← Back to context

Comment by Numerlor

23 minutes ago

Not sure what's supposed to be wrong with that? The clock tree degrades at high voltage. Some theories I've seen were on the CPU requesting significantly higher voltages during alternating clocks when there's a short lull in load from e.g. a pipeline stall. Then there doesn't seem to be a good enough of a sensor net in the correct places for the CPU to react to this, so it just "burns" itself down gradually. Assuming these are true, actual fixes from intel would be relaxing boost clocks to ones that are universally safe and open themselves to a lawsuit from everyone that bought the high end SKUs, or do a new stepping which is extremely expensive for a done design.

When you degrade the CPU naturally needs higher voltages to be stable, until the point where it just breaks completely and no amount of voltage it help it. But if your CPU doesn't degrade because it hasn't been overdoing it on voltages then there'll be no issues for Vmin to shift.

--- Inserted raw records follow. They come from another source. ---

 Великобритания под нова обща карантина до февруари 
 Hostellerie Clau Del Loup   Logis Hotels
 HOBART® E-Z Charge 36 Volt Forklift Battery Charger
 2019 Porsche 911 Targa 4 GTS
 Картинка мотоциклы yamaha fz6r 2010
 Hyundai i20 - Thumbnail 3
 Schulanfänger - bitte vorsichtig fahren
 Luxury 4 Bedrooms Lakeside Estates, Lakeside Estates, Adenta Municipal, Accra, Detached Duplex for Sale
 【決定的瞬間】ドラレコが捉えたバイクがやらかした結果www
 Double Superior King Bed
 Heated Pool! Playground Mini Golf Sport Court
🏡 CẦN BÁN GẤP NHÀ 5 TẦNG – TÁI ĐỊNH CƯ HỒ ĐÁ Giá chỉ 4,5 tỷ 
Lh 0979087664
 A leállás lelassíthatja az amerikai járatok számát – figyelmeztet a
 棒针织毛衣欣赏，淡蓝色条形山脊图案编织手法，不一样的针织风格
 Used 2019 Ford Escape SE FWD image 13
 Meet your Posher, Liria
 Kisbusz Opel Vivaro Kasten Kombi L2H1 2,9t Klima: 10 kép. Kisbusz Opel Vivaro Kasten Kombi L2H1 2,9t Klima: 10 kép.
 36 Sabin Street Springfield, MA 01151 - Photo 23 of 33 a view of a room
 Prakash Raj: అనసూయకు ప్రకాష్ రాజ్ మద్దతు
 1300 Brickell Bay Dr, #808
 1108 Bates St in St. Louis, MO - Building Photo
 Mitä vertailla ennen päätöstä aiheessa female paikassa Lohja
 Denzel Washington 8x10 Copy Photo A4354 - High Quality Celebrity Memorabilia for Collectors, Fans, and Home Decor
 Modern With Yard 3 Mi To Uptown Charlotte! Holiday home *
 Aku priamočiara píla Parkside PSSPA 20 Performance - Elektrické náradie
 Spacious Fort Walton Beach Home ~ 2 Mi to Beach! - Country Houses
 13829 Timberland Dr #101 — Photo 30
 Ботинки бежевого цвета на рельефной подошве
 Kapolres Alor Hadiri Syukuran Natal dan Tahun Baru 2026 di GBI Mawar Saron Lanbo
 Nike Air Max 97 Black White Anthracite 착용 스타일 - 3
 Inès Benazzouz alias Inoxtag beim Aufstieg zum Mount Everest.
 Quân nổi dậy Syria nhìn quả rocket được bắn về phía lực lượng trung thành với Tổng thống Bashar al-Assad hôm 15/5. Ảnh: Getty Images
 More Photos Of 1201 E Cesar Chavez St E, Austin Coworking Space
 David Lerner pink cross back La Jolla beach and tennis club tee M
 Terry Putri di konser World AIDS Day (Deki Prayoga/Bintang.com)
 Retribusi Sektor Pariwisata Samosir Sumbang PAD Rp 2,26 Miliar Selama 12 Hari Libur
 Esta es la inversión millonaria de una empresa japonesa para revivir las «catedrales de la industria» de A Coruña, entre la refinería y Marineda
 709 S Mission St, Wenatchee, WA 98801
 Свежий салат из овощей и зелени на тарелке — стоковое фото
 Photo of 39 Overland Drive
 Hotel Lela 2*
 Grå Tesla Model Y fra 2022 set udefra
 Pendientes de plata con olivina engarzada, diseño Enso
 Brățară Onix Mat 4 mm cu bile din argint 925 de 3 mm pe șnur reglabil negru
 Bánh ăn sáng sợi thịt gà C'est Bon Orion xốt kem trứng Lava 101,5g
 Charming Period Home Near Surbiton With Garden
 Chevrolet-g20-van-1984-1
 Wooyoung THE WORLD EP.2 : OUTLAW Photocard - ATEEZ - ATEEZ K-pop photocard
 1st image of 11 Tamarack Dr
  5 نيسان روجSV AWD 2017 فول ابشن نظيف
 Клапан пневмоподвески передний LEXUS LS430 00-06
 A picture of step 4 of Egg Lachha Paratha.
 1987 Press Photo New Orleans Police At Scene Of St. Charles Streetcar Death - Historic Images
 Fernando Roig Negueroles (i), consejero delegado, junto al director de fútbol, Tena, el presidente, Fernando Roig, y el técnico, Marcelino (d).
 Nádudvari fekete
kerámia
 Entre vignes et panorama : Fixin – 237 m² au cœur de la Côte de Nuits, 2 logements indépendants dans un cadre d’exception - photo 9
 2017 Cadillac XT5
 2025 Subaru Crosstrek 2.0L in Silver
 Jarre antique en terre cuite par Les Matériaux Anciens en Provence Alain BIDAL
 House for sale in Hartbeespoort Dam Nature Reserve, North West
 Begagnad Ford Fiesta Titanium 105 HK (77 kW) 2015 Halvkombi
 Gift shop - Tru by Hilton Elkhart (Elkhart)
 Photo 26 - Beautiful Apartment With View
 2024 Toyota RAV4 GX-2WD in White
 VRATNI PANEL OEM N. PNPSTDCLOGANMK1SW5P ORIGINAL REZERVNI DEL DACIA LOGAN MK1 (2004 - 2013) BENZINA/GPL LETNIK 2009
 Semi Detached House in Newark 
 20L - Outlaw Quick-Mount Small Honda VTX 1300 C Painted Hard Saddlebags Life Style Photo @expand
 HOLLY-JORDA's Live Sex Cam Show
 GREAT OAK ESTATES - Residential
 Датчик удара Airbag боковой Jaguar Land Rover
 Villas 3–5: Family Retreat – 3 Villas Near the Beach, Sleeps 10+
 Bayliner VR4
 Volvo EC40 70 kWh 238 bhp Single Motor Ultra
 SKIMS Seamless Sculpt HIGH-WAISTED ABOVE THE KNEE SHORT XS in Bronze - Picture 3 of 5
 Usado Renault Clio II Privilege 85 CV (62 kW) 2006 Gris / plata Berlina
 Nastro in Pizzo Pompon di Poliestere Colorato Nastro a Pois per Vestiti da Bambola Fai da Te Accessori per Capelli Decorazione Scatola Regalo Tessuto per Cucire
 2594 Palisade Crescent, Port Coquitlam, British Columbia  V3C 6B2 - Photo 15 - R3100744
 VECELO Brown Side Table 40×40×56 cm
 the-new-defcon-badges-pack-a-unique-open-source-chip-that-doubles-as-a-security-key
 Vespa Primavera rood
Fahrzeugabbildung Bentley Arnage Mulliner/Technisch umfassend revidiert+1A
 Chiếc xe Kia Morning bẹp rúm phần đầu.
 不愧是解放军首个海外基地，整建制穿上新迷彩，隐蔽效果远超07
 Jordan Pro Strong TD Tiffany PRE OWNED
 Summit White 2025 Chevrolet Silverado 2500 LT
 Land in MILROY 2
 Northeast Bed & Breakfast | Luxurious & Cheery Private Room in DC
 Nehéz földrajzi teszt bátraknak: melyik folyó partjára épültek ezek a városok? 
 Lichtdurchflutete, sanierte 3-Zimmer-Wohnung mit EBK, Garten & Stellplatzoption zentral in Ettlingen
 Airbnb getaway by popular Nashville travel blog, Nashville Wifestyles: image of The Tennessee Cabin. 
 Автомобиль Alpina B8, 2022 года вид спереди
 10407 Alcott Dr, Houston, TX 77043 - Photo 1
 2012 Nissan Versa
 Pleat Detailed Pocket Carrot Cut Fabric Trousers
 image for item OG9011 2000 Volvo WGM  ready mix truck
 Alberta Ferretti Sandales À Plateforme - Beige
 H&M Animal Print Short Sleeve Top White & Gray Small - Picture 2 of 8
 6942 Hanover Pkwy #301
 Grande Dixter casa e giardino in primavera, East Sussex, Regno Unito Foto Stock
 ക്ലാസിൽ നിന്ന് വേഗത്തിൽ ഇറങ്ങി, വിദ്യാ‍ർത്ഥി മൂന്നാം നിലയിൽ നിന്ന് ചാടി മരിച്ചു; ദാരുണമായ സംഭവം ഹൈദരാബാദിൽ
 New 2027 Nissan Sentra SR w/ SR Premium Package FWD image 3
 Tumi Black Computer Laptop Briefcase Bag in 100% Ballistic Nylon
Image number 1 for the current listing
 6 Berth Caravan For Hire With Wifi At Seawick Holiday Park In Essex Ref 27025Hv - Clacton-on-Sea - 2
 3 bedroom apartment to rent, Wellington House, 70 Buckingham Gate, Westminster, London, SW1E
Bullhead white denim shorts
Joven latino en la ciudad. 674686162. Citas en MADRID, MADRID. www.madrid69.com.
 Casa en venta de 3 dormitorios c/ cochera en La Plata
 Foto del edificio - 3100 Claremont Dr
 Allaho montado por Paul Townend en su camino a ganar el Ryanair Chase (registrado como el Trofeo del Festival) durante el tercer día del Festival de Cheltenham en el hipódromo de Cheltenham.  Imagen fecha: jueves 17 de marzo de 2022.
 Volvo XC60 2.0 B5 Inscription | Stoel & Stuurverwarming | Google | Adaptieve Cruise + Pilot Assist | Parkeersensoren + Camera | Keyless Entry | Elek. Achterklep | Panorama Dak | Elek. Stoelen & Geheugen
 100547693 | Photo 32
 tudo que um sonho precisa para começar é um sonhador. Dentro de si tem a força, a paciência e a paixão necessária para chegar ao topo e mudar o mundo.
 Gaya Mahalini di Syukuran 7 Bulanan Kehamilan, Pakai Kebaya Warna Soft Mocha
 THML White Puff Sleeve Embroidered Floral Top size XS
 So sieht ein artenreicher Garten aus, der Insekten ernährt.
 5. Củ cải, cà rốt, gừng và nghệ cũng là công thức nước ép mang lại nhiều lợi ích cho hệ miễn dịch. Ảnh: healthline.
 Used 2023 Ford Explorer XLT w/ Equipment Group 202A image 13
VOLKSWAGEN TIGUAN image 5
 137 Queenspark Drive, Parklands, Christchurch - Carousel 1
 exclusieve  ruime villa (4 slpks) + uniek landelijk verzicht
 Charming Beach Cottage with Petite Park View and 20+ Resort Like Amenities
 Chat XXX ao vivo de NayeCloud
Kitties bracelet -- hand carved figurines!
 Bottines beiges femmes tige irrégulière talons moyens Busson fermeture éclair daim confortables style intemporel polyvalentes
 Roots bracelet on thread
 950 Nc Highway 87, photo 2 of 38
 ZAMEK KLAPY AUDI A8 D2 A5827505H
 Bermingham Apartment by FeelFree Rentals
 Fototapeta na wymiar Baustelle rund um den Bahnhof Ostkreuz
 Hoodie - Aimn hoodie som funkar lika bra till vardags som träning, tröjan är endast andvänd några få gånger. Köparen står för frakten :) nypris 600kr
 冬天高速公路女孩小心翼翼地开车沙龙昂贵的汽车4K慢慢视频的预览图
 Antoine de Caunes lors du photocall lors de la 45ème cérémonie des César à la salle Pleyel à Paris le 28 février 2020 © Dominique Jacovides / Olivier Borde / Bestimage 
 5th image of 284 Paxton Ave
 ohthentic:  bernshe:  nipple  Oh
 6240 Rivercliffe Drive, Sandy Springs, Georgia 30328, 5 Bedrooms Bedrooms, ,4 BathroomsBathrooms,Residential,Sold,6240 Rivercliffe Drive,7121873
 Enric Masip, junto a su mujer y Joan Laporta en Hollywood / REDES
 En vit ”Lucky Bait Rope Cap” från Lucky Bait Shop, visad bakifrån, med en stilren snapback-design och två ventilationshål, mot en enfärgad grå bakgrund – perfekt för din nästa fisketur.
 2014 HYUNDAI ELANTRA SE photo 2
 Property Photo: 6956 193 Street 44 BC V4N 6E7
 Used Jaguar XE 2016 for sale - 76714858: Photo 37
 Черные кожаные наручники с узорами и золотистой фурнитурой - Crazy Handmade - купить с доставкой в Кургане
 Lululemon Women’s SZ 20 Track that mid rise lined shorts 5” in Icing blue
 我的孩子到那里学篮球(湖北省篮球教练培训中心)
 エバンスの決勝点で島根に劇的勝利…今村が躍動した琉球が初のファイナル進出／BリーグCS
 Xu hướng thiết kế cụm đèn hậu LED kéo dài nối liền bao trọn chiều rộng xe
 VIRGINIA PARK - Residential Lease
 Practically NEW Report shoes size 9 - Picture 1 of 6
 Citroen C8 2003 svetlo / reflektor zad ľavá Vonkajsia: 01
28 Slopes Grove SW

As an anecdotal experience from someone I know that runs these in prod for game servers, limiting the CPU to 80°C and 1.4V-1.45V, 400A has been keeping them alive for years doing 24/7 loads. Maybe a bit lower on the voltage if one wants to be sure longer term, as they are fine with just mass RMAing these. There's also large amount of differences in the silicon quality between samples that can make one run cool and completely fine even at the old stock settings, and an another sample that'll have to pull say 1.5x the power for the same load and clocks having it degrade.